▸ **EXERCISE DETAILS**
Within the material below, locate the line with "Anueva Jewelry Rings" and the line with "Isometric Mobile Application", then return those two lines and all lines between them, exactly as written.

▸ **SUPPLIED DATA**
+===+
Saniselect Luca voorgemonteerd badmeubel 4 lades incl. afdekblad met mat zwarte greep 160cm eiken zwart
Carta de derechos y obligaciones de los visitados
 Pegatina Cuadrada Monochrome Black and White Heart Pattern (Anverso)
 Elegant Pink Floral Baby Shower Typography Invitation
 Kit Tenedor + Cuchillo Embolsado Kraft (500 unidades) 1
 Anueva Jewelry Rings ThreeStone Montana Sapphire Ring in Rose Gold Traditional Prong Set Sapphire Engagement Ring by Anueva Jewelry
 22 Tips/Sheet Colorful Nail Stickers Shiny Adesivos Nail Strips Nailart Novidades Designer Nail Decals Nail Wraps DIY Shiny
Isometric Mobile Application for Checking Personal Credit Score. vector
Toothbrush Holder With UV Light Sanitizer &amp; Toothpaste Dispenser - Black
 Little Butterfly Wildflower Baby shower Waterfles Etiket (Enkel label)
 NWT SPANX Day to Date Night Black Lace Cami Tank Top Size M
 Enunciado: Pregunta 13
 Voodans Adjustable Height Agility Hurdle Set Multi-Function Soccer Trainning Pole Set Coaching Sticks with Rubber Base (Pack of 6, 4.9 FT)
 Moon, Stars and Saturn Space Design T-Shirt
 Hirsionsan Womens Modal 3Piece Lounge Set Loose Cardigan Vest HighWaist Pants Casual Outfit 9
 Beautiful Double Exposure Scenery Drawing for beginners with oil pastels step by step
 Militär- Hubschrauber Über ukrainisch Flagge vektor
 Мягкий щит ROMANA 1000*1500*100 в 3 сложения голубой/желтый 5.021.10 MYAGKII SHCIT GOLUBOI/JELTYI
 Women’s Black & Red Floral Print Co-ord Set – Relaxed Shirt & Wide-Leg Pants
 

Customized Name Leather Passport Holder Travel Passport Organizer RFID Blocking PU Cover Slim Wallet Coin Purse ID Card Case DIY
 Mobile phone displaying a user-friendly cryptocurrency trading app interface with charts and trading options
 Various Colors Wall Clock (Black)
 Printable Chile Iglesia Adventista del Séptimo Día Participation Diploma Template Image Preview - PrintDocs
+===+
▸ **ANSWER SPACE**
 Anueva Jewelry Rings ThreeStone Montana Sapphire Ring in Rose Gold Traditional Prong Set Sapphire Engagement Ring by Anueva Jewelry
 22 Tips/Sheet Colorful Nail Stickers Shiny Adesivos Nail Strips Nailart Novidades Designer Nail Decals Nail Wraps DIY Shiny
Isometric Mobile Application for Checking Personal Credit Score. vector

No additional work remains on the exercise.